### Supplied records
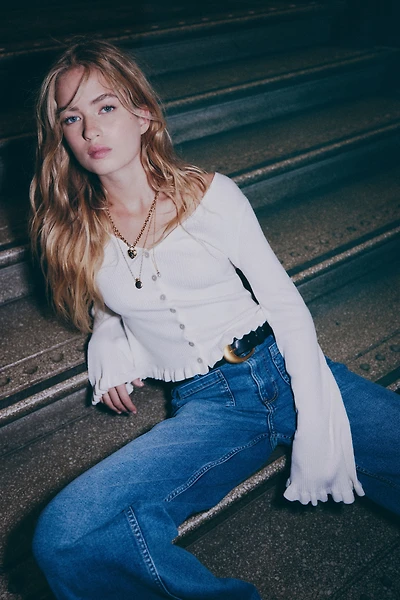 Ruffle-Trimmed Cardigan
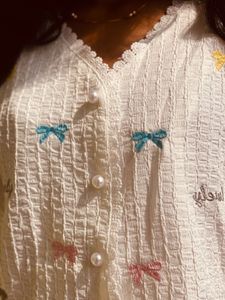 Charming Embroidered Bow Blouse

...

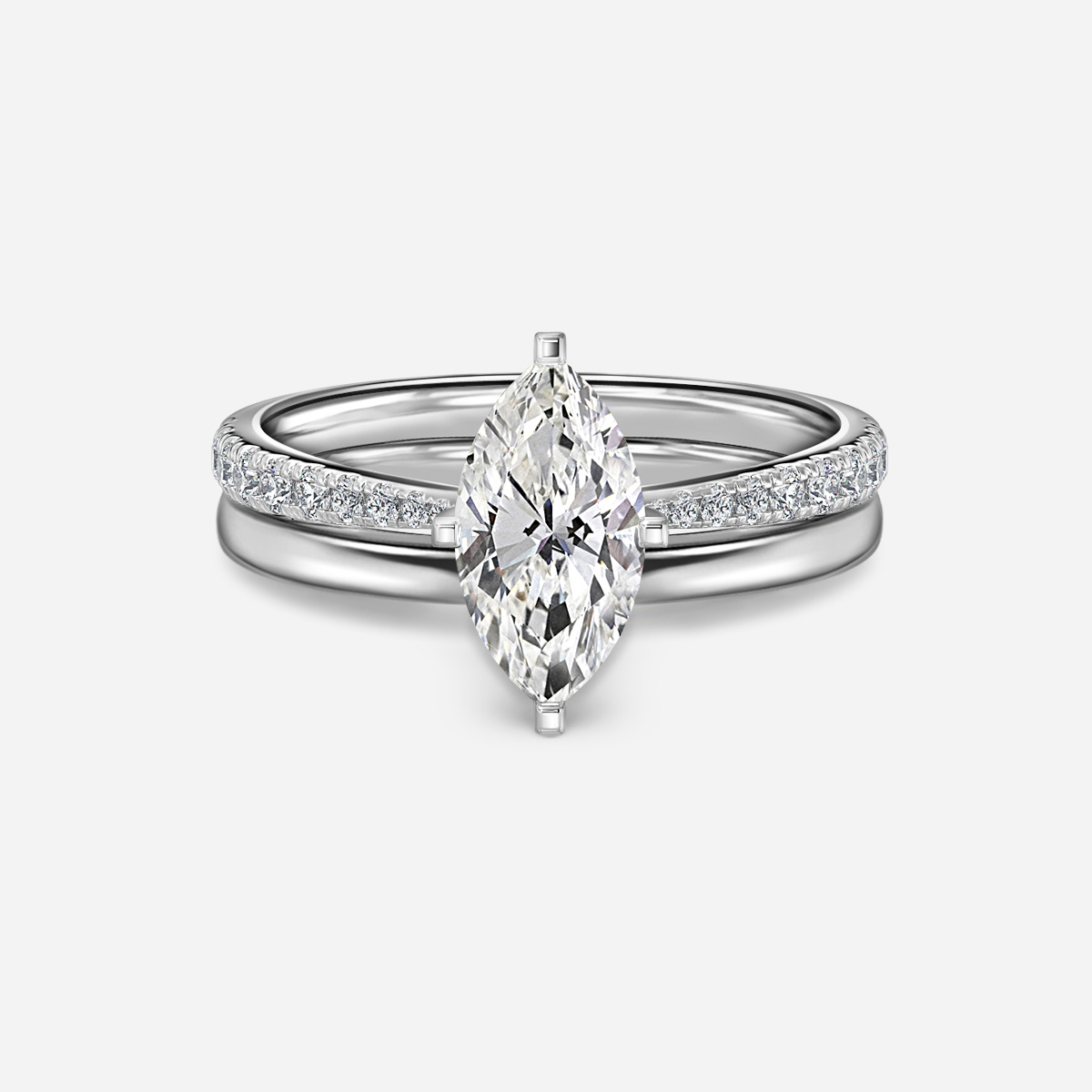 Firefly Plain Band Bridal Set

...

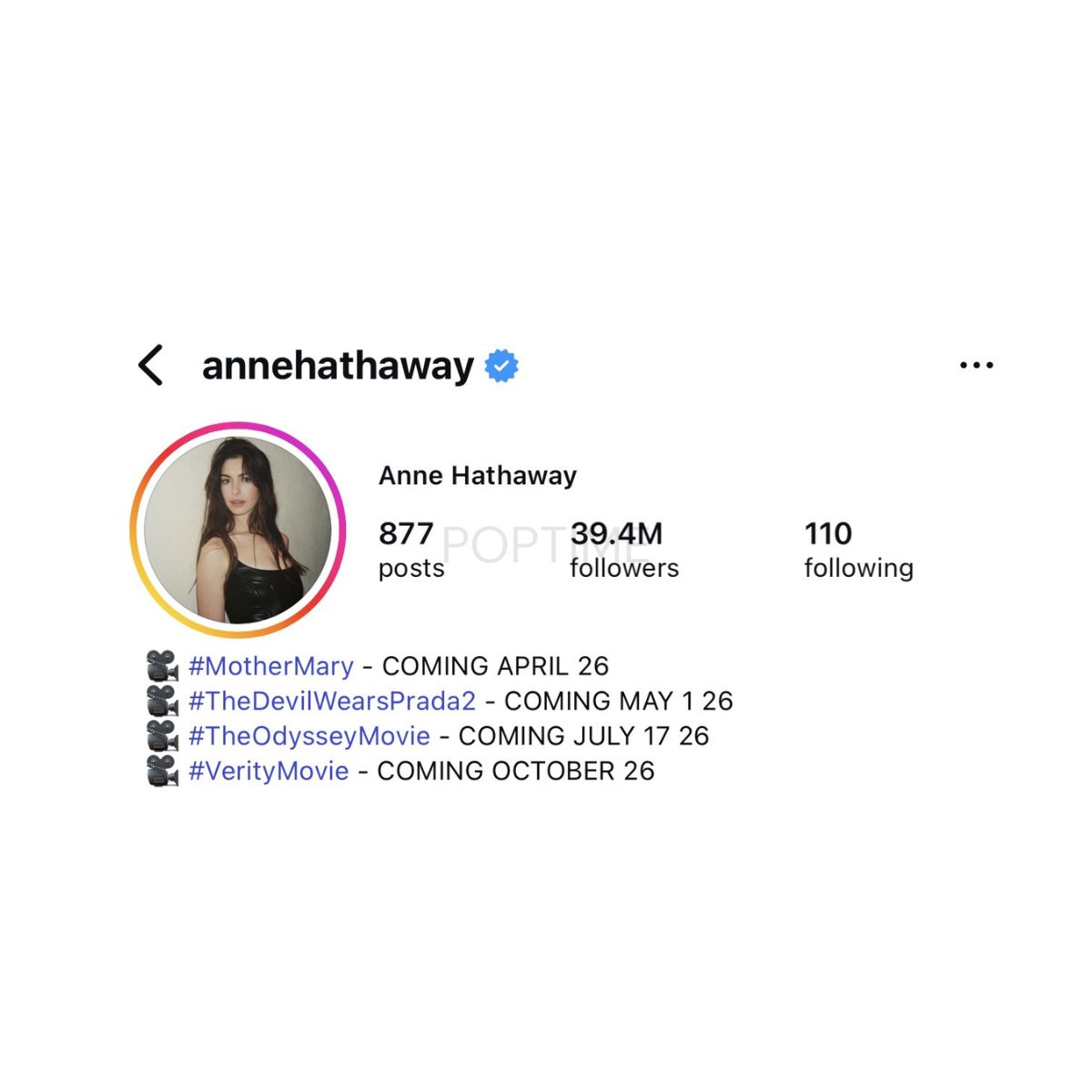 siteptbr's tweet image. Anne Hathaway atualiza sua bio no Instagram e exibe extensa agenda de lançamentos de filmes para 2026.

### What to do
The lines to reproduce run from the one above containing "Ruffle-Trimmed Cardigan" through the one containing "Charming Embroidered Bow Blouse". Copy them exactly and leave out all pictures.

### Written solution
 Ruffle-Trimmed Cardigan
 Charming Embroidered Bow Blouse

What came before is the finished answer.